About the test pads. So the aswer is yes, but it's more difficult. You can expose some copper from the trace and repair the pad using
BGA repair lugs. If you are skilled enough to repair the pad, I assume you wouldn't have torn them in the first place. If you tear more of the trace, the only place to connect to after that is the VIA that goes through the board. After that it goes under the SYSCON itself. There are no other pads or places to connect to it. You can expose some copper on the VIA's and solder to that, but be very careful not to tear those, or you will not be able to repair the pads, or connect to syscon without running wires directly from the BGA pads under the syscon, which you would have to remove first.
Hi, I just read and it seems Im having a GLOD problem with my ps3 slim 3001a, it starts but then shut downs sometimes with no led, I click then it turns to red then to green, like it normally should. I used the syscon tool to read the log, here it is, I hope you guys can help me diagnose my problem! thanks in advance
Code:
Firmware Version: 4.91 (build 50754)
Platform ID: CokK10
Product Code: 00 84
Product Sub Code: 00 0C
Hardware Config: 4E00FFFF0E03BC3C
Syscon Fimware Version: 0918.0000000000000000 (EEPROM: 0000000000000000)
Bringup Count: 7660, Shutdown Count: 6976
Runtime: 750 Days, 0 Hours, 9 Minutes, 5 Seconds
Error Log
01: A0801701 Fri Jan 20 20:44:46 2006
02: A08014FF Fri Jan 20 20:44:45 2006
03: A08014FF Fri Jan 20 19:12:57 2006
04: A0801701 Fri Jan 20 19:12:57 2006
05: A08014FF Fri Jan 20 18:29:13 2006
06: A0801701 Fri Jan 20 18:29:12 2006
07: A0801301 Fri Jan 20 18:28:07 2006
08: A08014FF Fri Jan 20 18:28:07 2006
09: A0801701 Fri Jan 20 18:28:06 2006
10: A08014FF Fri Jan 20 18:26:50 2006
11: A0801701 Fri Jan 20 18:26:49 2006
12: A08014FF Wed Jan 18 18:14:09 2006
13: A0801701 Wed Jan 18 18:14:08 2006
14: A08014FF Tue Jan 10 20:44:50 2006
15: A0801701 Tue Jan 10 20:44:49 2006
16: A08014FF Tue Jan 10 20:11:06 2006
17: A0801701 Tue Jan 10 20:11:06 2006
18: A08014FF Tue Jan 10 20:09:24 2006
19: A0801701 Tue Jan 10 20:09:24 2006
20: A08014FF Mon Jan 9 22:48:37 2006
21: A0801701 Mon Jan 9 22:48:36 2006
22: A08014FF Mon Jan 9 21:44:20 2006
23: A0801701 Mon Jan 9 21:44:19 2006
24: A08014FF Mon Jan 9 21:43:37 2006
25: A0801701 Mon Jan 9 21:43:37 2006
26: A08014FF Sat Jan 7 15:44:10 2006
27: A0801701 Sat Jan 7 15:44:10 2006
28: A08014FF Sat Jan 7 15:09:35 2006
29: A0801701 Sat Jan 7 15:09:35 2006
30: A08014FF Fri Jan 6 21:00:13 2006
31: A0801701 Fri Jan 6 21:00:12 2006
32: FFFFFFFF Fri Dec 31 23:59:59 1999
Have you tried another HDD and safe mode recovery options? If the HDD is failing you might get errors like that and not boot into XMB, since on slims the OS is loaded on the HDD. You might have to use recovery options to attempt to restore the console.
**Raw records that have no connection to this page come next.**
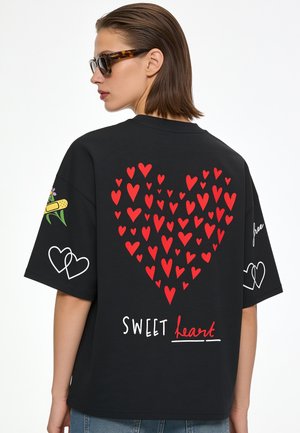 Mira Paris, TATTOO SWEET OVERSIZED BOXY TEE 26 UNISEX - T-shirt imprimé - black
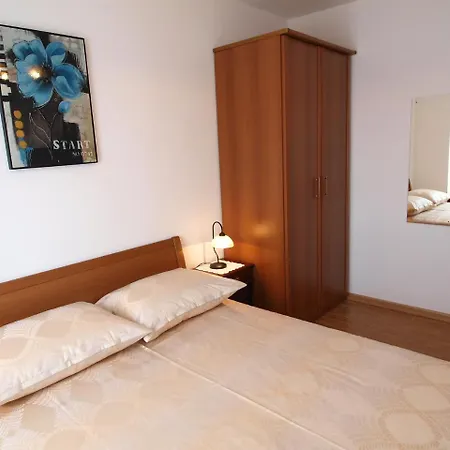 Mirela By Interhome Trget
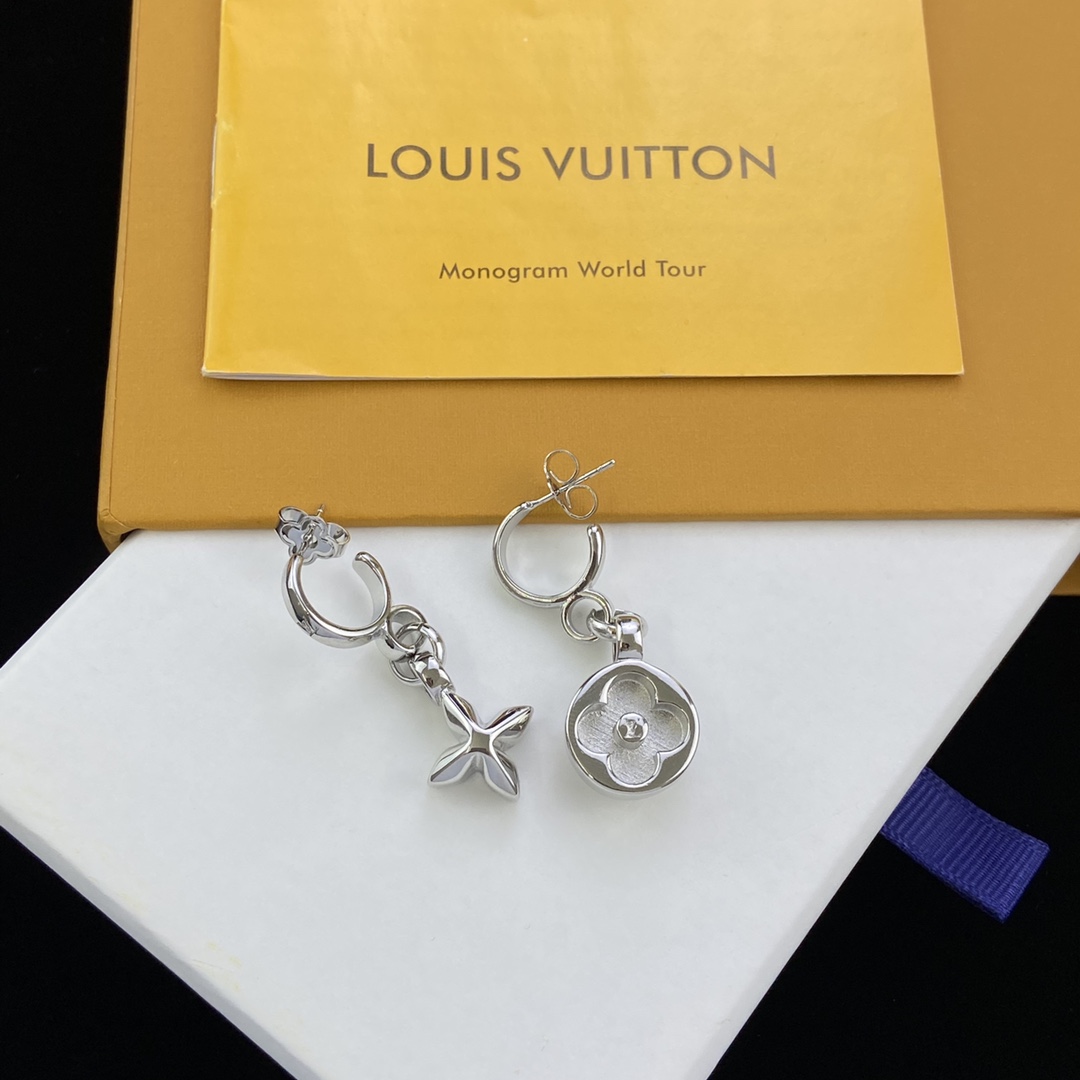 [TOP] Louis Vuitton LV Blossom Earrings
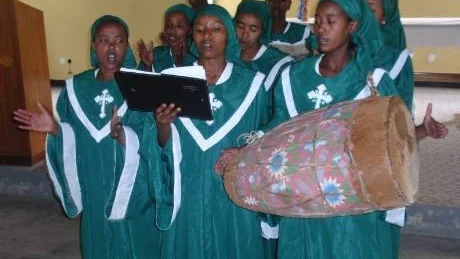 NYA DRÄKTER. En kyrka utanför Addis Abbeba fick bidrag till att köpa nya dräkter.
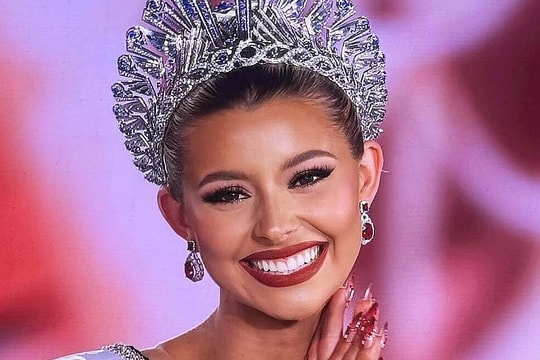 Người đẹp Mỹ đăng quang Miss Cosmo 2025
A genuine GLOD, which will not allow you to reach safe mode, is usually an issue with the GPU. 1701/14FF could indicate that's the case, or it's solder is failing. This is a 40nm GPU, so the chances it's a failing GPU is less than a 90nm, but they do wear out and die. 750 Days is a bit premature IMO tho. I've seen 65nm keep living well past 1000.
Measure the ohms of the voltage lines going into the RSX. Linked picture is from an A model phat, but the RSX pinout is the same for your 40nm. So the genaral power planes are in the same location. If it is a genuine GLOD, try pressing on the RSX while turning on, to see if you can get a picture. IF nothing changes or if there are any dead shorts, it may be dead. You could try a reball, but to repair a slim that would cost more than buying a working one.